A door on Shuhada Street that has been completely welded closed.
A door on Shuhada Street that has been completely welded closed.

Lately, news about a reopening of parts of Shuhada streets has been circling international media, and has been reported on in newspapers as prominent as the New York Times. According to these articles, the Israeli Civil Administration, through the mayor of Hebron, has promised that either seven (which was confirmed by an IDF spokesperson) or 70 stores would be allowed to reopen, with 70 being the most cited number. We, human rights workers from the International Solidarity Movement that are based in Hebron, have seen that, unfortunately, there is little to support these claims. The same days that the news broke, two stores were indeed allowed to open for about an hour, before they were forced to close again by the Israeli forces present.

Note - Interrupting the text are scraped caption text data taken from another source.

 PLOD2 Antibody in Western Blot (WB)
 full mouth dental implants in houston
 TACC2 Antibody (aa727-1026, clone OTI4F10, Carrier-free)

On July 24, a Palestinian store-owner, with the permission of the Hebron Rehabilitation Committee, attempted to get to his shop, which is located  further up on the same street as the supposed store openings, in order to restore it to workable condition. He was, however, blocked from entering his shop by a big gathering of settlers, escorted by border police. The settlers brought chairs and a tent, and sat down in the front of the Palestinians shop on Shuhada Street to have their breakfast, taunting Muslims who were fasting for Ramadan. ISMers witnessed this event. This occured again in the evening of the same day, when they brought banners, as well as the next morning. As of yet, this is the most action the stores of Shuhada Street has seen. To us, and other people who frequent the area of the Ibrahimi mosque daily, it is hard to draw any other conclusion than that the whole story is simply a another Israeli PR campaign with little basis in reality.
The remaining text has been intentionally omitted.